# ACTIVITY
The lines to retype are the one with "Iron Master Adjustable dumbbells and stand" and all that follow it to the end of the entries below; copy them exactly and nothing else.

# SOURCE INFORMATION

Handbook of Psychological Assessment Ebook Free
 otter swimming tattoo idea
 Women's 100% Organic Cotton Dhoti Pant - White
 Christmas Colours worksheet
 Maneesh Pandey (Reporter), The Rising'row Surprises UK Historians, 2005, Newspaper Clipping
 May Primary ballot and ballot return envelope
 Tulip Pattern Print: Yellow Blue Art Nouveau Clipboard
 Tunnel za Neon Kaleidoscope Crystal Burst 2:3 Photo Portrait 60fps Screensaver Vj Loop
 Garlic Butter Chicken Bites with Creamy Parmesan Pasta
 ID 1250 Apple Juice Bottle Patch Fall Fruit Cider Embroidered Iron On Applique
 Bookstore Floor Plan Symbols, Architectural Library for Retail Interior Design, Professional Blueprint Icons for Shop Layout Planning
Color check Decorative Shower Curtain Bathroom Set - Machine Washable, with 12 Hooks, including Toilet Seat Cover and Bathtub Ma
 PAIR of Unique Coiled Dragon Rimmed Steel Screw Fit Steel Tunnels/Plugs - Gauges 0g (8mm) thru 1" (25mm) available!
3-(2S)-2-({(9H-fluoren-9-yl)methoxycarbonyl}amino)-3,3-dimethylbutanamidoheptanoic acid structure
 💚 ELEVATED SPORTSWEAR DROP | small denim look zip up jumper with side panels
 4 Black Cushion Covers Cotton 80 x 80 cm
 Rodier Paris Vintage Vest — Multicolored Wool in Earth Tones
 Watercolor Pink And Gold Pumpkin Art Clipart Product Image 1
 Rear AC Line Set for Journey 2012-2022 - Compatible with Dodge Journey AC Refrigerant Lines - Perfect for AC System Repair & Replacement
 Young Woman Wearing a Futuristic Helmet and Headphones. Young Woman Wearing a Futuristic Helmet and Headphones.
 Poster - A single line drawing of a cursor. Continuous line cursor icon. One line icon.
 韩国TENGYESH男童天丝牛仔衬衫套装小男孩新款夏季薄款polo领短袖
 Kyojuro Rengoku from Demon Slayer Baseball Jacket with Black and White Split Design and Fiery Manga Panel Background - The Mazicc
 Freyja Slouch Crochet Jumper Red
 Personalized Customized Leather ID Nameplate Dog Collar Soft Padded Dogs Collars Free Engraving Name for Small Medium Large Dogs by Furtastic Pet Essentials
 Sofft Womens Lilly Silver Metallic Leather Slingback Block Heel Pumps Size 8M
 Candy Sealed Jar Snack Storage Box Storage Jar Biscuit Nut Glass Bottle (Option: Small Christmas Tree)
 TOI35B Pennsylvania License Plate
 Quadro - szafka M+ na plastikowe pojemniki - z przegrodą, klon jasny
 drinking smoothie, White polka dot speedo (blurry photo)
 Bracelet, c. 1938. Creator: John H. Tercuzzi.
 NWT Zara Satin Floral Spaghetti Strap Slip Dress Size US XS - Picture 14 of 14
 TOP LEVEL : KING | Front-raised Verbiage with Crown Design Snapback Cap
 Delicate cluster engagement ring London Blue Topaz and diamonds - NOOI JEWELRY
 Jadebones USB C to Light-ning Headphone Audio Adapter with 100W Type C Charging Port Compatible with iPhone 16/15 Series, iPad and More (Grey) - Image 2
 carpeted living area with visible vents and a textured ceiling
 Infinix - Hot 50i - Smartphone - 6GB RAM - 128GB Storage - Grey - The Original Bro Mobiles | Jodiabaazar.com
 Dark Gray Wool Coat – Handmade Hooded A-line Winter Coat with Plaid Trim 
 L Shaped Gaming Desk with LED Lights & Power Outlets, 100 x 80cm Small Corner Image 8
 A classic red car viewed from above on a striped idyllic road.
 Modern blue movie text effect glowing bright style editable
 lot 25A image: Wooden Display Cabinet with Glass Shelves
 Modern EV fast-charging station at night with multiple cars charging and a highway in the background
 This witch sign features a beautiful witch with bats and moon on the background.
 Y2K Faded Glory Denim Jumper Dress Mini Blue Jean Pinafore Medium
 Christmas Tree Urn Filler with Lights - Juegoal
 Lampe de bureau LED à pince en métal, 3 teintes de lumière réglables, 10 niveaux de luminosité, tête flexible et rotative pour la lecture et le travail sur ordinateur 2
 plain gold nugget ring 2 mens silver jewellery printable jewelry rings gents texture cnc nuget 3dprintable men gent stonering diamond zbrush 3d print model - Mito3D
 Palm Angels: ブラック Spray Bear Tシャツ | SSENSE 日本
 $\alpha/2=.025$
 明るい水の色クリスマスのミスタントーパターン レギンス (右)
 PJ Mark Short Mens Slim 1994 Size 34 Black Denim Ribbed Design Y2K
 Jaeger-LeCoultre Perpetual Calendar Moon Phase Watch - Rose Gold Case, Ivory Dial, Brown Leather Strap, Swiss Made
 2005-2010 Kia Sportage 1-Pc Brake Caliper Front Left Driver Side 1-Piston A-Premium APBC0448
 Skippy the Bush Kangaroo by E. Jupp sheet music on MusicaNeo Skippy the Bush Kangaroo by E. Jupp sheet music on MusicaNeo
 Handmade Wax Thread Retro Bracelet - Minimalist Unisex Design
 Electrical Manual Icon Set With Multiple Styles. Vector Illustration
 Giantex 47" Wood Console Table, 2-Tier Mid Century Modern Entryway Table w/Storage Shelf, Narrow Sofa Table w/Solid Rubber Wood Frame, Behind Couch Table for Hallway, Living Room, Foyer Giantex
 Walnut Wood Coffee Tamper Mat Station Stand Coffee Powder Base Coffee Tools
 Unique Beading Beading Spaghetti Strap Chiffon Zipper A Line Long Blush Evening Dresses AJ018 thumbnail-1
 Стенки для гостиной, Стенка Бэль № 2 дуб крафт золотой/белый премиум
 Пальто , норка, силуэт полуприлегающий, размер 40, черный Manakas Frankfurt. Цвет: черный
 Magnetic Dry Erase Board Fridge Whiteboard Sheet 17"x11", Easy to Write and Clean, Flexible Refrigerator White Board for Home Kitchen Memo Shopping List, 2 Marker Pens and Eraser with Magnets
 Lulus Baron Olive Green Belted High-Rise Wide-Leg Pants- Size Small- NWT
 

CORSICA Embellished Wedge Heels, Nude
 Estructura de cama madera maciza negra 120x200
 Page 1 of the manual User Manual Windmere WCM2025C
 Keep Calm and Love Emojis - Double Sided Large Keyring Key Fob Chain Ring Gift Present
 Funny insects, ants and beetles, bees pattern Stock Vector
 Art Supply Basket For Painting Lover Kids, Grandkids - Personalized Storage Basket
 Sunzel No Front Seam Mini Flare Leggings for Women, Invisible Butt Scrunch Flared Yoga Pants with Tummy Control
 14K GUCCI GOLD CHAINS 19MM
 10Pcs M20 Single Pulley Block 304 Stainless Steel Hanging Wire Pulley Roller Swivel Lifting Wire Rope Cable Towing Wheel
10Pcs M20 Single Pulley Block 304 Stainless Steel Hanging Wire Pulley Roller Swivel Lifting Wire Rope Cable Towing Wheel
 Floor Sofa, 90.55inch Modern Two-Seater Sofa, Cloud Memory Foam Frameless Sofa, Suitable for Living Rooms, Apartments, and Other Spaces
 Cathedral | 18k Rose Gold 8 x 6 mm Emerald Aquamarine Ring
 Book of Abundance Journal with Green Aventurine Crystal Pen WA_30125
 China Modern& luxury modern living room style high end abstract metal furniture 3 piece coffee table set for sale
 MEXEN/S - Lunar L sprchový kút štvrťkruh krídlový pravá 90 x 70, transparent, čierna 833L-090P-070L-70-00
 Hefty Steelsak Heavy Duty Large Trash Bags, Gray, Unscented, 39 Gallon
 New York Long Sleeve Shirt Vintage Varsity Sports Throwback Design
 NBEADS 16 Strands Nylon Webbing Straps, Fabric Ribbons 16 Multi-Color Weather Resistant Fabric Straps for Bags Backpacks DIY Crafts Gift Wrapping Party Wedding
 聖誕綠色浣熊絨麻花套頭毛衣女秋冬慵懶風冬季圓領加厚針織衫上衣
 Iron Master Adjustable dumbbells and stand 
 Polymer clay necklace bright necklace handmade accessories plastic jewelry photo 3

# RESULT FOR THIS TASK
 Iron Master Adjustable dumbbells and stand 
 Polymer clay necklace bright necklace handmade accessories plastic jewelry photo 3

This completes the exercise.